|Viceroy of Liangjiang|
Minhou, Fuzhou, Fujian
Following the suppression of the rebellion in 1864, Shen became actively involved in the Self-strengthening movement and later worked on the shipyard in Fuzhou (Foochow). He utilized the skill of French technicians and workers – notably Prosper Giquel – to construct modern warships for the Imperial Navy prior to the destruction of the arsenal and the fleet itself during the Battle of Foochow in the 1883–1885 Sino-French War. Concurrently, he also improved the land tax collection system in Jiangxi province.
He also took part in obtaining a peace settlement with Japan, following the Mudan Incident and Japan's invasion of Taiwan in response to imperial disavowals of sovereignty over the islands' native tribes. He was appointed as the Viceroy of Liangjiang in 1875. He personally visited Taiwan and reformed its administration.

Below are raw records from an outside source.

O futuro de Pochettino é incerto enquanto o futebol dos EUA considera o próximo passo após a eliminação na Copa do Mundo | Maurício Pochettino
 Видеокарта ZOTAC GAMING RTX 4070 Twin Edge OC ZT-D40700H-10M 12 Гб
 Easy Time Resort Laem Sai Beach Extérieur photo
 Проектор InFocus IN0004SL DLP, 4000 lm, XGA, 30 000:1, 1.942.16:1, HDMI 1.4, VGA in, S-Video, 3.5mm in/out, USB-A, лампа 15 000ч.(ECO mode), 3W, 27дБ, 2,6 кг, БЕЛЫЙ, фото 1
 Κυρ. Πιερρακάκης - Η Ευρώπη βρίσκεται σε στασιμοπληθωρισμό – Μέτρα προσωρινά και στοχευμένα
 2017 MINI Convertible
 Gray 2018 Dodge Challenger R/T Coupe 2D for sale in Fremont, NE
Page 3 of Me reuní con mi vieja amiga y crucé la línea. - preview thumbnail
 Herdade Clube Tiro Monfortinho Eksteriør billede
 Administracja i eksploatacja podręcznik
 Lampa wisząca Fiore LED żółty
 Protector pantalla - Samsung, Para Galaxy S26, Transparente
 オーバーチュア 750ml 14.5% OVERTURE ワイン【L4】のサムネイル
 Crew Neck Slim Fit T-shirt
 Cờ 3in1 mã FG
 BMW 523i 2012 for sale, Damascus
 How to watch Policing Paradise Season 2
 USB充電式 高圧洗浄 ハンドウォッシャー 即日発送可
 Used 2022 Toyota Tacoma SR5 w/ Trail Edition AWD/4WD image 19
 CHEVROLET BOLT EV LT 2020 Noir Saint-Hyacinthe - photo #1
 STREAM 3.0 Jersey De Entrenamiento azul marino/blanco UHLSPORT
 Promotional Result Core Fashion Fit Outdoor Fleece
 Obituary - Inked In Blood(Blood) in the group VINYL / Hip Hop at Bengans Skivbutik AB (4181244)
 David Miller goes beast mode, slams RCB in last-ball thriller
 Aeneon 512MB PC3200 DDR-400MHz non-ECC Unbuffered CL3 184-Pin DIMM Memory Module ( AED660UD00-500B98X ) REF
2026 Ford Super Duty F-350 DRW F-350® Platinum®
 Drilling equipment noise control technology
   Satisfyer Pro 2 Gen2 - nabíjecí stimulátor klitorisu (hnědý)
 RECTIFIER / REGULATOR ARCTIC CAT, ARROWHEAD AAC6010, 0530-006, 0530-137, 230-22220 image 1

The island had consisted of a single prefecture at Taiwan (Tainan); the three subprefectures of Tamsui, Penghu, and Kemalan; and the four counties of Taiwan, Fengshan, Chiayi, and Changhua. Shen elevated 2 prefectures, 4 subprefectures, and 4 counties, making the territories smaller and easier to administer. He also launched a military campaign against the aborigines and initiated a building program in southern Taiwan intended to establish a stronger Qing presence and prevent Japanese or European colonization of the area. He died in office in 1879.
He is chiefly remembered in European histories for his belated opposition to the Woosung Road Company's railroad, which he purchased and dismantled in its first year of operation, limiting Shanghai's development for twenty years. Shanghai remained unconnected to China's growing rail network until the line's reconstruction in 1898 and its subsequent extension to Nanjing in 1908.
Shen was married to Lin Puqing 1821–77), the third daughter of Lin Zexu. She exhibited great courage and determined tenacity when under siege by the Taiping rebels at Guangxin when she bandaged troops, cooked for them and cut her finger to write a message in blood.